In Parma, Idaho, enough people believed the Starr Wilkinson story to memorialize him with a statue at Old Fort Boise State Park, dedicated on Aug. 22, 1974, by then Idaho Governor Cecil D. Andrus.

Paul Bunyan is also a giant remembered with statues.

Syd Albright is a writer and journalist living in Post Falls. Contact him at

Utopia in Idaho?

In 1885, Alexander and Hannah Duffes homesteaded 160 acres along the Oregon Trail in southwestern Idaho and planned to build a Christian community, forbidding saloons, gambling, alcohol and loose women. They would call it New Jerusalem. That was the beginning of Nampa, Idaho. The exact meaning of Nampa is still debated.

Death of Chief Howluck (Bigfoot)

Historian Hubert Howe Bancroft in his 1888 book History of Oregon (Vol. II 1848-1888) writes, "Bigfoot was killed by an assassin, who lay in wait for him, and his murderer promised him to guard from the public the secret of his death, of which he was ashamed." But Idaho State Historical Society says he retired on an Indian reservation in Oregon.

Chief Paulina a casualty of the Snake War

In September 1866, Paulina and his band of 14 attacked James N. Clark's ranch in Oregon. Seven months later, Clark and rancher Howard Maupin and Californian William Ragan (one account names William Pagan and John Atterbury) tracked Paulina down near the town of Madras. Both Clark and Howard shot and scalped him. Maupin nailed the scalp on the wall of his barn as a trophy. Historical accounts disagree on who actually shot the fatal bullet and who did the scalping.

Failed peace talks with Chief Bigfoot

Chief Howluck fought the whites for some four years, encouraging other tribes to join him. At the urging of an Indian agent, Northern Paiute Chief Paulina tried to convince Howluck to stop the fighting and settle down on the reservation, but the plea was rejected. Paulina then offered to join the campaign against Howluck.

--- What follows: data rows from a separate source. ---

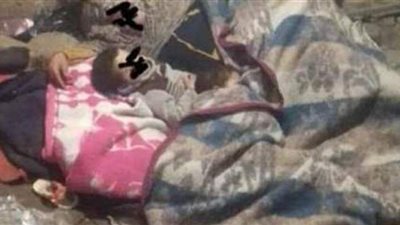 فرصة عمل وسكن ومساعدة مالية.. تفاصيل تدخل الحكومة لإنقاذ سيدة التبة وأطفالها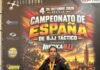 La alcalareña María Campos conquista tres medallas en los Campeonatos de Europa y España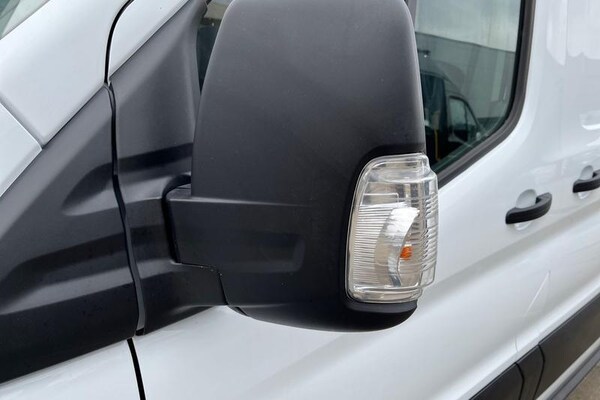 Used Ford Transit 2025 for sale - 75985233: Photo 34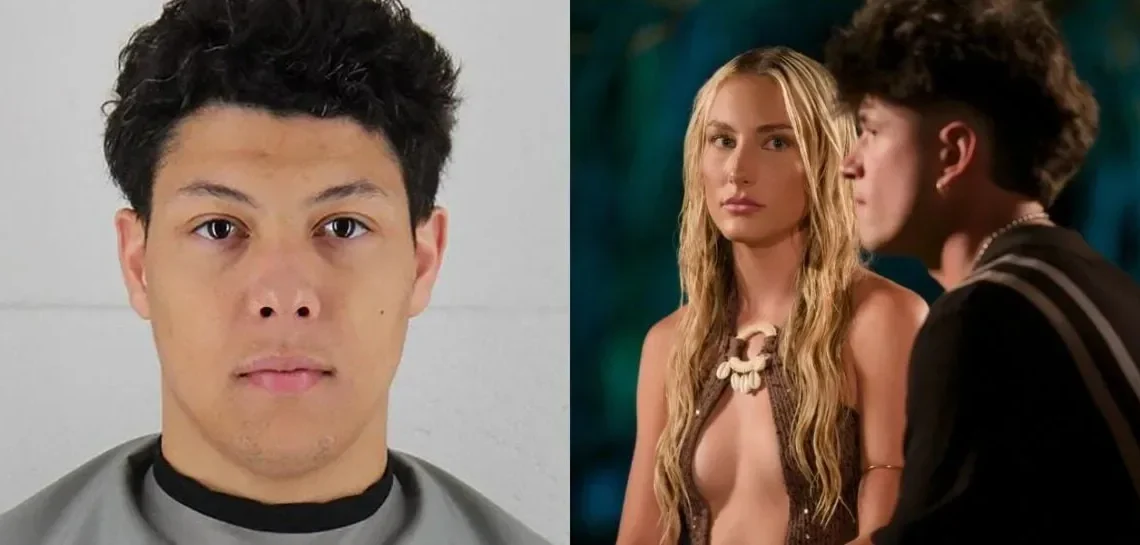 Jackson Mahomes’ Girlfriend, Shyanne Blankenship Biography: Age, Net Worth, Instagram, Spouse, Height, Wiki, Parents, Ethnicity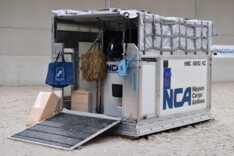 Paardenexport: economisch belang onderschat
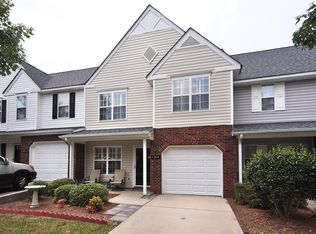 11840 Kevin Henry Pl, Charlotte, NC 28277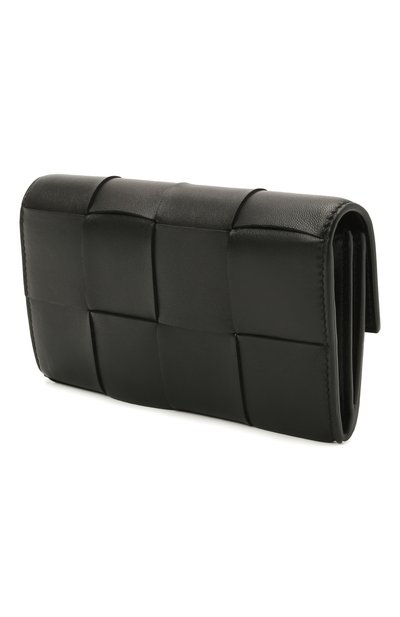 Кожаный кошелек BOTTEGA VENETA, арт. 651387/VCQC4, фото 2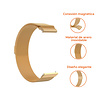 Strap-it Strap-it Correa milanesa Samsung Galaxy Watch 4 40mm (oro) Strap-it Strap-it Correa milanesa Samsung Galaxy Watch 4 40mm (oro)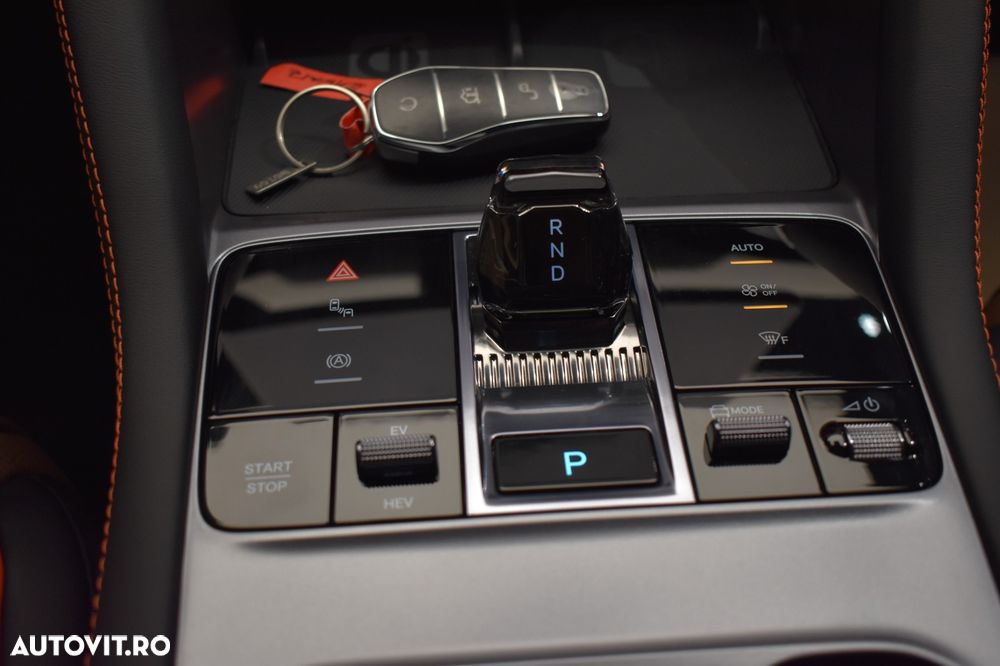 Byd Seal U DM-i PHEV Boost - 29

Explanation of big moccasin prints

Idaho State Historical Society says, "Indians of the region were wont to stuff their moccasins, during cold weather, with sage brush leaves. This would enlarge to unusual size, the tracks of Indians wearing such stuffed moccasins."

Bigfoot in Indian lore

Bigfoot - or Sasquatch - is a large, hairy, bipedal ape-like creature supposedly living in forests and mountains, mostly in the Pacific Northwest. Most Northwest Native American tribes have Bigfoot legends, claiming that the giants act as go-betweens linking man and nature.